EX-4.64 24 ex4-64.htm SECURED GOLD LOAN AGREEMENT DATED APRIL 9, 2019 WITH KELLY MCKENNON

Exhibit 4.64

 

SECURED GOLD LOAN AGREEMENT

 

This Secured Gold Loan Agreement (this “Agreement”) is entered into as of the April 9th, 2019, by and among Kelly Mckennon, a resident of Washington, (“Lender”) and Tanzanian Royalty Exploration Corporation, a Canadian corporation (“Borrower”) (each a “Party” and collectively the “Parties”).

 

WHEREAS, Lender desires to loan certain gold bullion coins to Borrower, and Borrower desires to borrow such coins from Lender, under the terms and conditions set forth herein.

 

NOW THEREFORE, the Parties, each intending to be legally bound by this Agreement, hereby agree as follows:

 

1.Loan. Lender hereby loans Borrower, and Borrower hereby borrows from Lender (the “Loan”) gold bullion coins described as 40 ounces of gold (the “Coins”).

 

Lender shall physically deliver, or have delivered, the Coins to Borrower’s account Miles Franklin Ltd. in Wayzata, Minnesota (“the Custodian”). The date on which such delivery occurs is the “Loan Commencement Date”. The Custodian will confirm the quantity and authenticity of the Coins. The Parties have established that the market value of the Coins as of the Loan Commencement Date, based on the greater of the COMEX spot price of gold (with respect to the gold content of the Coins) or the trading value of the Coins (including numismatic value) at the time of delivery, the “Loan Value”.)

 

2.Maturity Date.
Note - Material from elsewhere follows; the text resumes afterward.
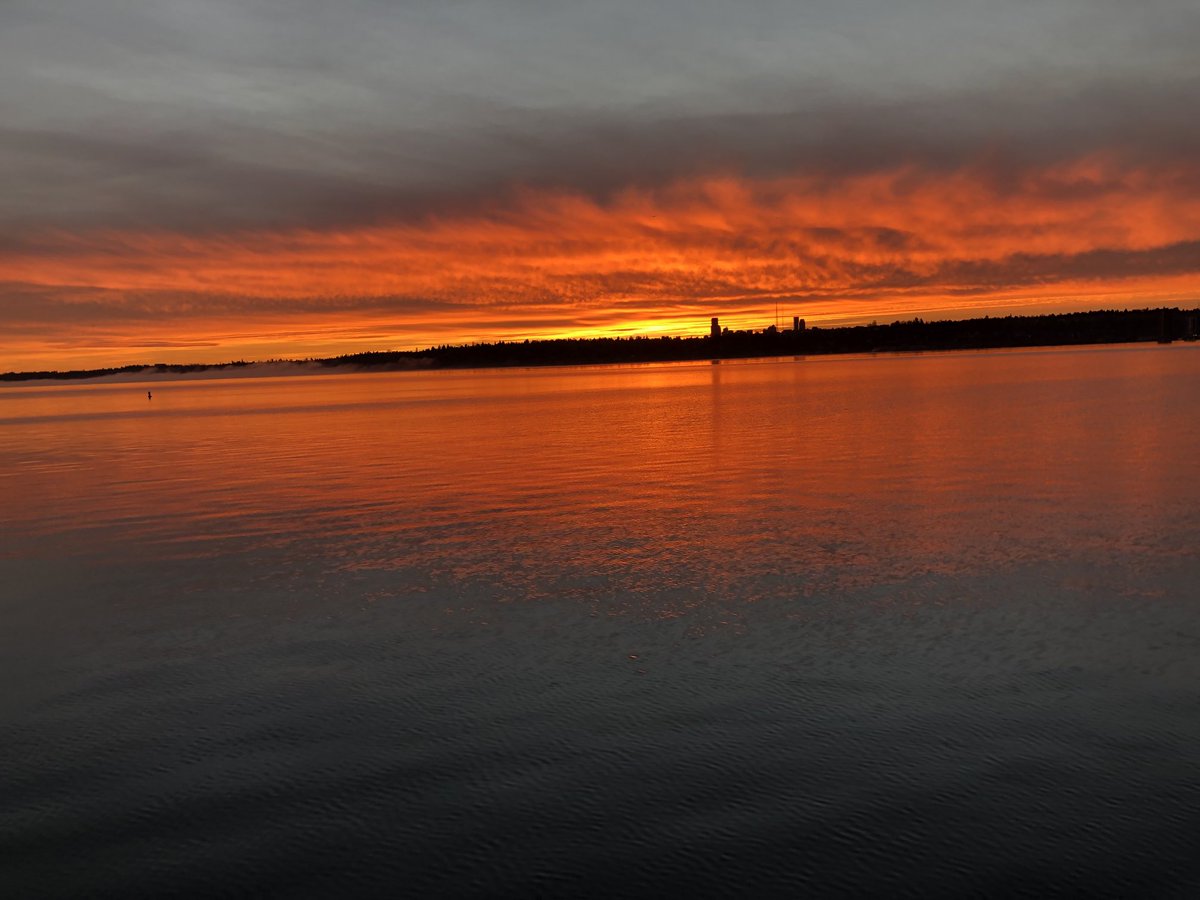After 6 1/2 inches of rain, we need a little beauty in the sky.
The Loan shall be for a period of one (1) year (the “Term”) beginning on the Loan Commencement Date and maturing on April 9th, 2020 (“Maturity Date”). On the Maturity Date, Borrower shall repay the Loan to Lender without notice (other than the form of repayment as set forth below) or other demand (“Loan Repayment”). Loan Repayment shall be made by Borrower in one of the three (3) manners described below, the manner to be selected at the sole discretion of Lender:

 

(a)Bullion Return – Physical delivery of 40 ounces of bullion by Lender to Borrower.

 

(b)Cash – Cash payment in U.S. Dollars in the amount of the Loan Value as of the Loan Commencement Date; or

 

(c)Stock – Shares of common stock (“Stock”) of the Borrowers equal to the Loan Value. For purposes of this paragraph the market value of each share of Stock shall be $0.5232/share.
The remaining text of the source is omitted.